I DO NOT provide you user client names (yet). But I do provide a simple user_client_x_method_y format, like so:
grep user_client /tmp/com.apple.iokit.IOMobileGraphicsFamily.kext.ARM64.0BC46AA3-A18A-3109-AE4E-25B7C3951924 | head -5
0xfffffff006b19afc:user_client_1_method_0
0xfffffff006b19b1c:user_client_1_method_58
0xfffffff006b19b40:user_client_1_method_3
0xfffffff006b19b88:user_client_1_method_4
0xfffffff006b19bc4:user_client_1_method_5
so you get the idea.
IF YOU WOULD LIKE TO HELP submit the names of UserClient methods you find through The forum , and future versions of Joker will provide those hard coded. But with 150+ drivers, I can't do this unless people help.
Download
Right here (Universal: OSX 64, iOS 32/64, and Linux 64)Source Caveat: Won't compile without machlib.
ChangeLog
v3.99 - update and minor fix for iOS 11β1
v3.2 - decompilation now successfully gets all zones by decompiling zinit and tracking the return value to globals
v3.1 - works on compressed kernelcaches (not iPhone 7 bvx2 (LZFSE), but classic complzss)

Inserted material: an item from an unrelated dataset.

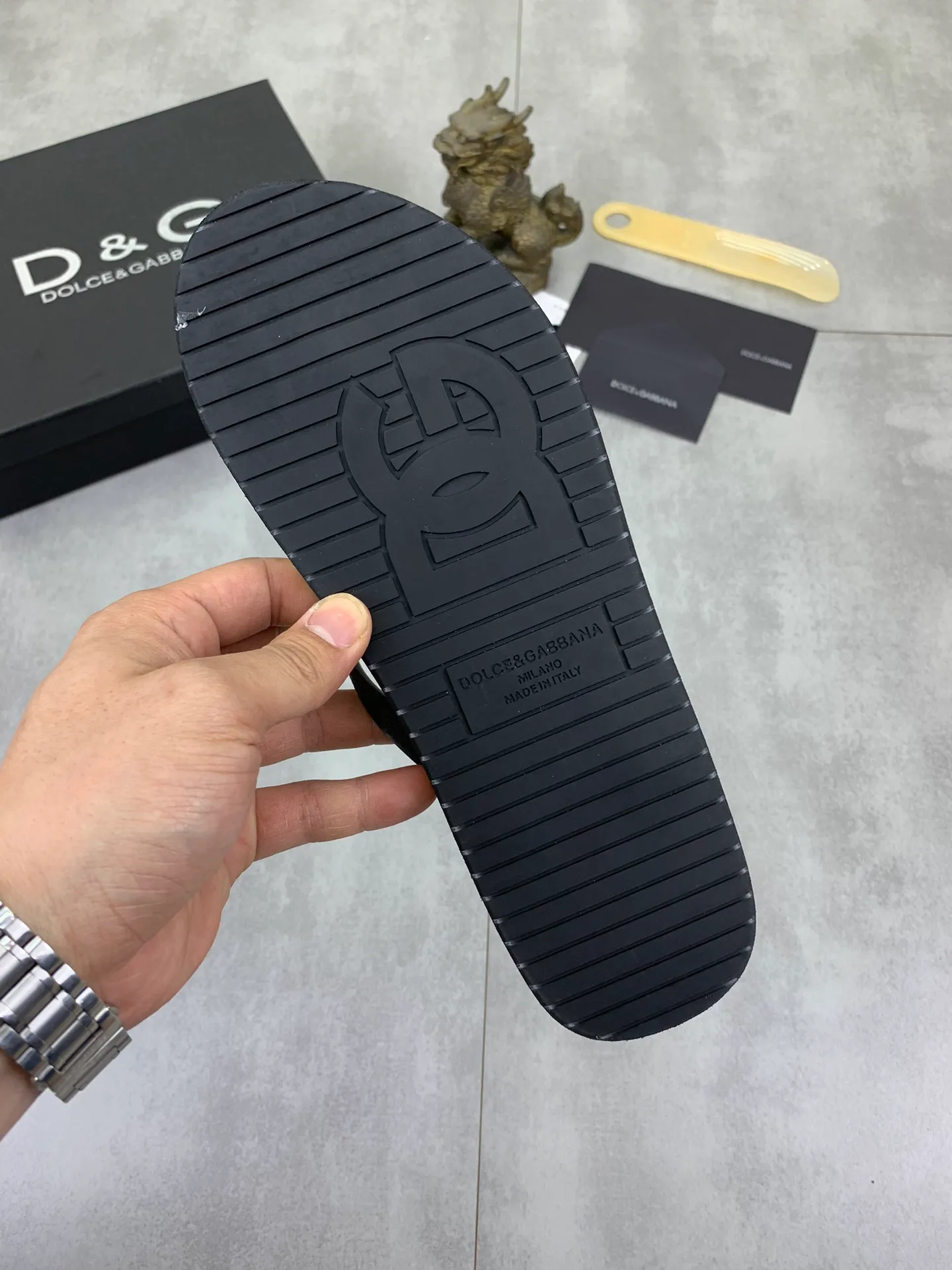 Men's Men's Shoes💰P220💰[New Style]🆘[DG]Official Website Couple🧑‍🤝‍🧑Hot-selling Dolce & Gabbana Men's Flip-Flops are on sale at the counter simultaneously! Original fabric imported from Italy. Original bottom provided by the original factory. Size: Adult 36-45. Children’s size: 30-37. Multiple colors available.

v3.0 - kext support, split kext, MACF Policies, and preliminary sandbox decomp
-- Minor fix to specify output dir for kextraction, as JOKER_DIR=
-- validation on memem in case signature can't be found..
v2.3 - Almost fully integrated with MachLib - Correctly identifies all kexts, even in a dump
v2.2.1 - kextraction on 64 bit works! Can also ID the kexts, despite absence of __PRELINK_INFO. Use "all" for all kexts.
v2.1.1 - preliminary kextraction from a 64 bit dump (sans __PRELINK_INFO), and fix for Billy's Bug
v2.1 - (re)Added Mach trap table, MIG subsystems (+150 symbols!)
v2.0 - jtool integration (write to companion file)
Greets
Finger
License, etc
Use it at will. You have my blessing, and I won't complain. A nice thank you would be appreciate if you find it useful, as well as feature requests, if you have any.
joker is open source, so you can see the patterns in the kernelcache it locks on in order to its work. Machlib (its dependency) isn't, but I can license the latter if you're interested.